Records for this task »

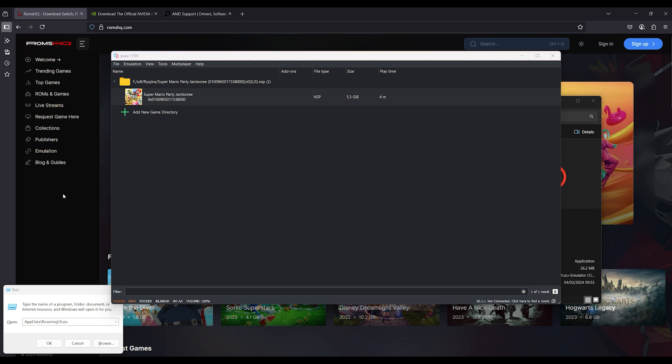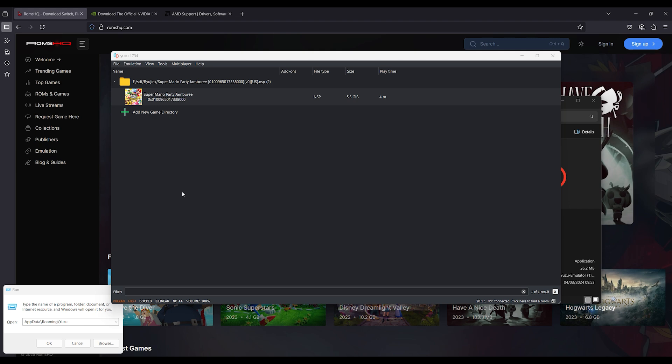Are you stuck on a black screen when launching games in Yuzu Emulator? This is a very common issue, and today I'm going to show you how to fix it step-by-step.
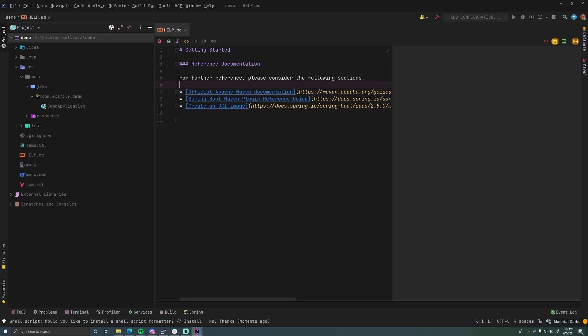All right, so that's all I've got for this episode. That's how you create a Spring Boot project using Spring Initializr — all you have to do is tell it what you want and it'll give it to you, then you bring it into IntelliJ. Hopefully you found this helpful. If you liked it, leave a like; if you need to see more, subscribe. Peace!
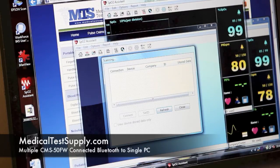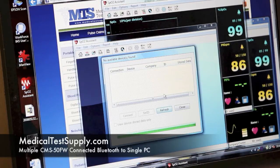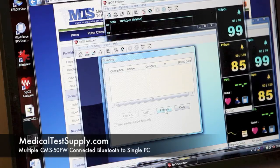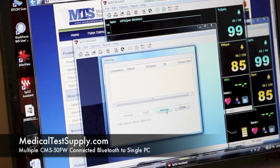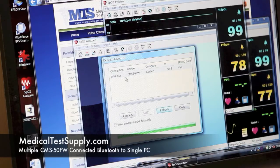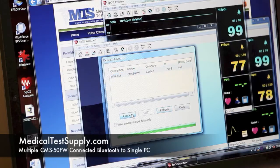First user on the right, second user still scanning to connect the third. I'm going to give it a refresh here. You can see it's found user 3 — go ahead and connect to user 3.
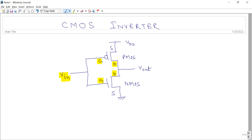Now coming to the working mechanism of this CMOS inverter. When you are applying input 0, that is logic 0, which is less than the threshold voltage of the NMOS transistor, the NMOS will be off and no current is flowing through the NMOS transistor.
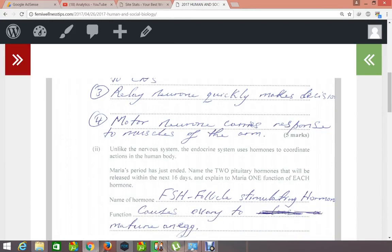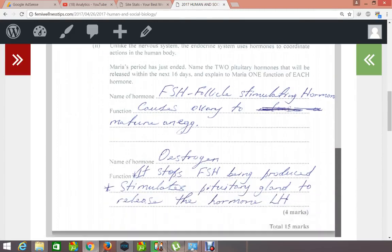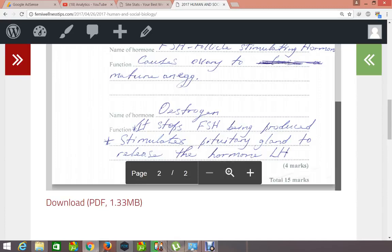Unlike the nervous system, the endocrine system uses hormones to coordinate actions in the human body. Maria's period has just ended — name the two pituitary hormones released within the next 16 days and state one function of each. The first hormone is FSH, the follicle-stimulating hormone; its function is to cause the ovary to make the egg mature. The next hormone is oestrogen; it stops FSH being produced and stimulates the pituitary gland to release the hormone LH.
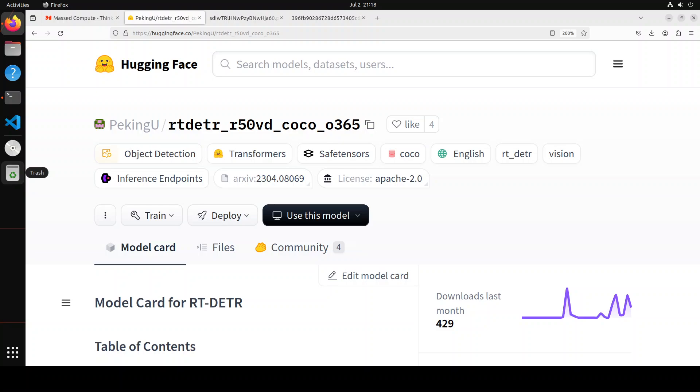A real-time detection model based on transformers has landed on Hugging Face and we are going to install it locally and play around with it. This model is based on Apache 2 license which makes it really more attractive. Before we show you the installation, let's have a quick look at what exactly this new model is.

To do » Quote all of the entries word for word, omitting any pictures.

Output of the task »
Are you stuck on a black screen when launching games in Yuzu Emulator? This is a very common issue, and today I'm going to show you how to fix it step-by-step.
All right, so that's all I've got for this episode. That's how you create a Spring Boot project using Spring Initializr — all you have to do is tell it what you want and it'll give it to you, then you bring it into IntelliJ. Hopefully you found this helpful. If you liked it, leave a like; if you need to see more, subscribe. Peace!
First user on the right, second user still scanning to connect the third. I'm going to give it a refresh here. You can see it's found user 3 — go ahead and connect to user 3.
Now coming to the working mechanism of this CMOS inverter. When you are applying input 0, that is logic 0, which is less than the threshold voltage of the NMOS transistor, the NMOS will be off and no current is flowing through the NMOS transistor.
Unlike the nervous system, the endocrine system uses hormones to coordinate actions in the human body. Maria's period has just ended — name the two pituitary hormones released within the next 16 days and state one function of each. The first hormone is FSH, the follicle-stimulating hormone; its function is to cause the ovary to make the egg mature. The next hormone is oestrogen; it stops FSH being produced and stimulates the pituitary gland to release the hormone LH.
A real-time detection model based on transformers has landed on Hugging Face and we are going to install it locally and play around with it. This model is based on Apache 2 license which makes it really more attractive. Before we show you the installation, let's have a quick look at what exactly this new model is.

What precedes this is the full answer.